И это — в России, в стране, где родился, жил, учил и предсказывал Толстой, где миллионы людей искренне считают его величайшим гением! Даже в собственной семье Толстой не умел произвести желательного переворота: один сын его служит офицером, другой пишет в “Новом времени” в таком тоне, точно он сын Суворина, а не Толстого... Где же пророческий дар? Отчего такой замечательный человек, как Толстой, ничего угадать не умеет, оказывается столь близоруким в жизни? “Что будет завтра?” — ”Завтра я сотворю чудеса”, –  сказал волхв древнему русскому князю. В ответ князь, вынув меч, отрубил волхву голову, и волновавшаяся толпа, верившая волхву-прорицателю, успокоилась и разошлась. История всегда отсекает головы пророческим предсказаниям, и тем не менее толпа гонится за прорицателями. Маловерная, она ищет знамения, ибо ей хочется чуда.

Но разве способность предсказывать служит доказательством чудотворной силы? Можно предсказать солнечное затмение, комету, но ведь это кажется чудом только темному человеку. Просвещенный же ум твердо знает, что там именно, где возможно предсказание, чуда нет, ибо возможность предсказания, предугадывания предполагает строгую закономерность. Следовательно, пророком окажется не тот, кто наиболее одарен духовно, не тот, кто хочет властвовать над миром и повелевать законами, не волхв, не кудесник, не художник, не мятежный гений, а тот, кто, вперед покорившись действительности и ее законам, обрек себя на механический труд подсчета и расчета. Бисмарк умел предсказать величие Пруссии и Германии, да не только Бисмарк, а заурядный немецкий политик, для которого все сводится к “Deutschland, Deutschland über alles”, мог угадать на много лет вперед, а вот Достоевский и Толстой ничего угадать не умели. У Достоевского это еще заметнее, чем у Толстого, потому что он чаще пытался угадывать: его дневник наполовину состоит из несбывшихся прорицаний. Поэтому же он сплошь и рядом компрометировал свое пророческое дарование.

II

Может быть, кому-либо покажется неуместным, что в статье, посвященной 25-летию смерти писателя, я вспоминаю о его ошибках и заблуждениях. Но такой упрек едва ли справедлив. Известного рода недостатки в замечательном человеке не менее характерны и важны, чем его достоинства.
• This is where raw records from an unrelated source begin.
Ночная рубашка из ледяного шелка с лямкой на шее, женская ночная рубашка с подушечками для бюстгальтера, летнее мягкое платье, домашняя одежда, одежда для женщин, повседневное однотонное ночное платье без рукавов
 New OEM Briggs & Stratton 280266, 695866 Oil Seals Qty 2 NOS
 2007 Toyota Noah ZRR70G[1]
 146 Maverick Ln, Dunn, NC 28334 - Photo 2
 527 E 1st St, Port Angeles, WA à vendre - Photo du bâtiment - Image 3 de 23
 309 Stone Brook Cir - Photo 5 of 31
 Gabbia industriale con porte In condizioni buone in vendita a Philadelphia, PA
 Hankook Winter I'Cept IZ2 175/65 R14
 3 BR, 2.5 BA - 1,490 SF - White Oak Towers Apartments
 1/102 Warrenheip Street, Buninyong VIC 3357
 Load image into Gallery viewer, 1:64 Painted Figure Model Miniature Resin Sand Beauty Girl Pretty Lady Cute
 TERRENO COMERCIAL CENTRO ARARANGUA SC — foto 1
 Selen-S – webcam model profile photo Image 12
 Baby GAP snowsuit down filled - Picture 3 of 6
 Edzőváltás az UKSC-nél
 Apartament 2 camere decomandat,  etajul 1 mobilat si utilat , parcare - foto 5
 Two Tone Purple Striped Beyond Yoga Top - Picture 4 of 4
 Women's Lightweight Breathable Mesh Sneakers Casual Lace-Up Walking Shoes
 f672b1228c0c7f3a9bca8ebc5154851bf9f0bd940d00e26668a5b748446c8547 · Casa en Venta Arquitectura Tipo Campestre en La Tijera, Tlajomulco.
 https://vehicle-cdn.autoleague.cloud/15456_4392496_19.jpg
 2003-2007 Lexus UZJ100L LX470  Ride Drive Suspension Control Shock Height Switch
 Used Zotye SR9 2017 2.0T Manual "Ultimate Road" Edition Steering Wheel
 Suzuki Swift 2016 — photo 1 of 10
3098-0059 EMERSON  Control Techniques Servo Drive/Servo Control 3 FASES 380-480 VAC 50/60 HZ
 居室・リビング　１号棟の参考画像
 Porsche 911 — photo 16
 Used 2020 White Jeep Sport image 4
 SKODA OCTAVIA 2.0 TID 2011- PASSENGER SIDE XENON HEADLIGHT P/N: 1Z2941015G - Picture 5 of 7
Достоевский не был Бисмарком, да разве это так уже дурно, разве об этом жалеть приходится? А затем еще вот что: для писателей типа Толстого и Достоевского их общественно-политические идеи не имеют ровно никакого реального значения. Они знают, что их никто не слушает. Что бы они ни говорили, все равно история и политическая жизнь пойдут собственным путем, ибо не их книги и статьи направляют события. Вероятно, этим объясняется их необыкновенная решительность в суждениях. Если бы Толстой мог думать, что достаточно ему потребовать в статье, чтобы “солдаты, городовые, судьи, министры” и все прочие столь ненавистные ему охранители общественного спокойствия (да кому, кстати, милы они!) были распущены, чтобы убийцам и разбойникам были раскрыты двери тюрем, — кто знает, оказался ли бы он достаточно твердым и непоколебимым в своих убеждениях, чтоб принять на себя всю ответственность за последствия предлагаемых им мер. Но он знает наверное, что его не послушают, и потому спокойно проповедует анархию.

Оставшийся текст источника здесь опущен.